1. Overview
In this tutorial, we’ll look at the “argument list too long” problem, often encountered while working with a large number of files. First, we’ll discuss what’s causing it. Then, we’ll discuss a few solutions that will help us to solve this issue.
2. What Causes the Error
Let’s consider a case where we have a large number of files residing within a directory:
$ ls -lrt | wc -l
230086
$ ls -lrt | tail -5
-rw-r--r-- 1 shubh shubh 0 Apr 30 14:02 events2120038.log
-rw-r--r-- 1 shubh shubh 0 Apr 30 14:02 events2120040.log
-rw-r--r-- 1 shubh shubh 0 Apr 30 14:02 events2120039.log
-rw-r--r-- 1 shubh shubh 0 Apr 30 14:02 events2120042.log
-rw-r--r-- 1 shubh shubh 0 Apr 30 14:02 events2120041.log
Here, we have over 230K log files in our directory. Let’s try to get the count of all filenames that start with the string ‘events’:
$ ls -lrt events* | wc -l
-bash: /usr/bin/ls: Argument list too long
0
Notably, the command fails, citing “Argument list too long” as the reason. Let’s try the rm command to get rid of these files:
$ rm -rf events*.log
-bash: /usr/bin/rm: Argument list too long
Again, the command fails for the same reason.
While performing filename expansion, Bash expands the asterisk (*) with every matching file. In effect, this produces a very long list of command-line arguments that Bash isn’t able to handle.

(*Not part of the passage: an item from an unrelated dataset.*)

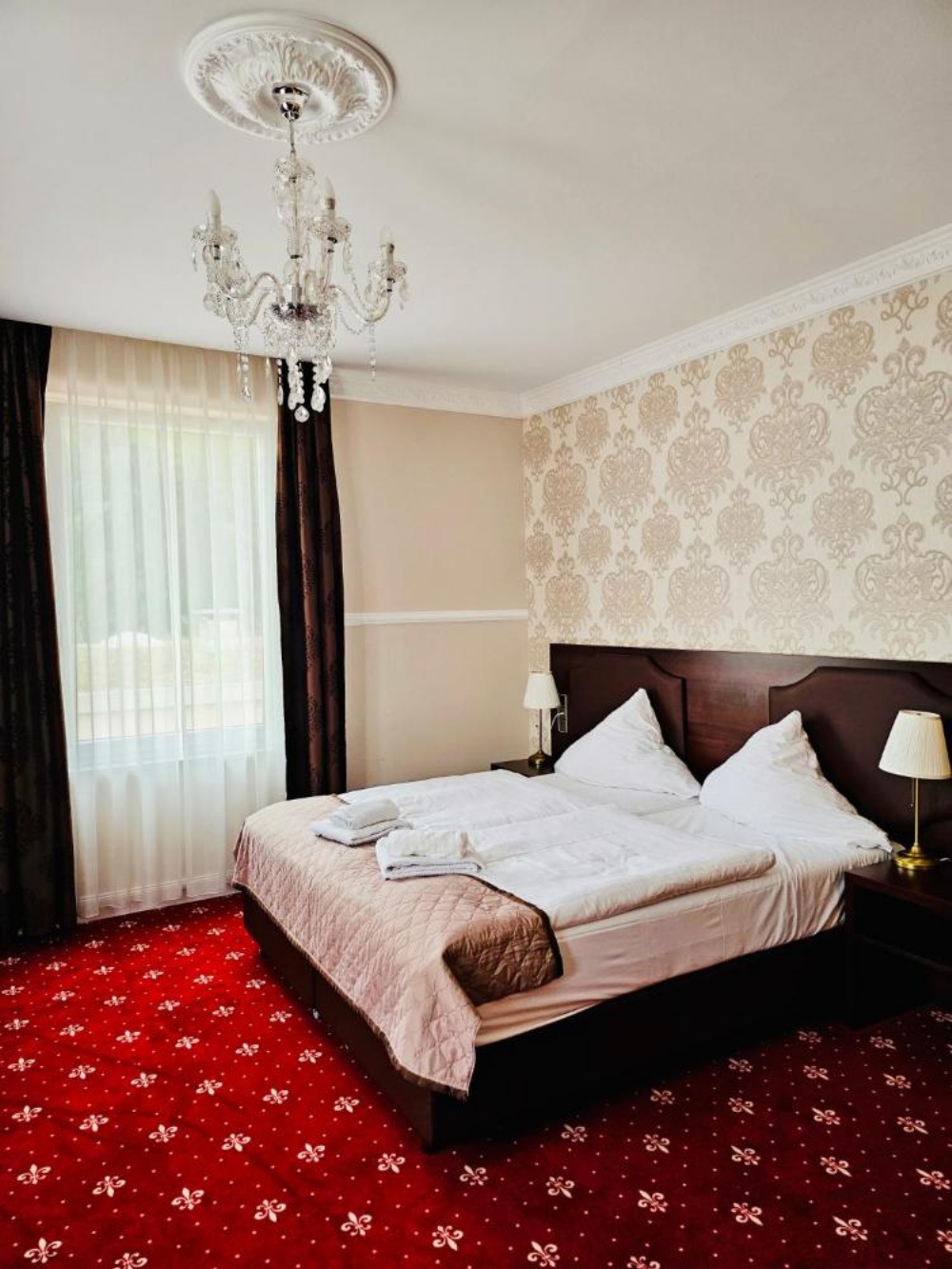 Gala Hotel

When the number of files to be expanded as arguments is larger than the arguments buffer space, Bash fails to handle it. Note that this buffer is shared with the environment space info, so the real available space is smaller than this buffer size.
The rm command in the previous example expands to:
$ rm -rf events2120038.log events2120040.log ... events0000001.log
Here, the argument list becomes equal to the number of files in the directory. In our case, this is over 230K files, which makes for a lot of arguments. We can utilize the getconf command to get the current system limits:
$ getconf ARG_MAX
2097152
The ARG_MAX argument controls the maximum space requirements for the exec family of functions. This helps the kernel to determine the largest buffer it needs to allocate. These limits can also be verified using the xargs command:
$ xargs --show-limits
Your environment variables take up 2504 bytes
POSIX upper limit on argument length (this system): 2092600
POSIX smallest allowable upper limit on argument length (all systems): 4096
Maximum length of command we could actually use: 2090096
Size of command buffer we are actually using: 131072
Maximum parallelism (--max-procs must be no greater): 2147483647
The information of prime interest here is the ‘upper limit on argument length’, which may vary from system to system.
3. Overcoming the Limitation
Let’s dive into various approaches we can utilize to solve this problem. What all the proposed solutions have in common is they avoid parameter expansion.
3.1. Using the find Command
We can iterate on the list of files using the find command and then use either the exec option or the xargs command:
$ find . -iname "events*" | xargs ls -lrt | wc -l
230085
First, we fetch the list of all files starting with the word “events” using the find command. Then, we use the xargs command to accept the list of files from stdin, and finally, we execute the ls and wc commands over the list of files provided by xargs.
3.2. Using the for Loop Approach
Another interesting approach is to iterate on the files using the for loop:
$ for f in events*; do echo "$f"; done | wc -l
230085
This is one of the simplest techniques to solve the issue. Note that this solution can be a bit slower, though.
3.3. Manual Split
We can split the files into smaller bunches and execute the commands (such as rm, cp, mv, wc, ls) repeatedly with a different set of strings as arguments each time:
$ ls -lrt events1*.log | wc -l
31154
$ ls -lrt events2*.log | wc -l
15941
Here, we’re filtering only the file names starting with “events1“. In this particular example, we stay within the space requirements controlled by the ARG_MAX value.
Then, we do the same with those starting with “events2“, and so on.
3.4. When We Just Need to Remove the Content of a Directory
Consider a case where we are trying to get rid of all files in a directory and it fails:
$ rm -rf *
-bash: /usr/bin/rm: Argument list too long
To tackle this problem, we can alternatively just delete the directory and create it again:
$ rm -rf /home/shubh/tempdir/logs_archive
$ cd home/shubh/tempdir && mkdir logs_archive
In this case, the logs_archive directory contained the files we wanted to delete.
Note that since we’re deleting the directory and creating it again, this approach won’t preserve the original permissions or ownership of the directory.
4. Conclusion
In this tutorial, we looked at multiple techniques to address the “argument list too long” issue.
First, we discussed what’s causing this error. Then, we learned various solutions that can be utilized to solve the problem both in general and in particular cases.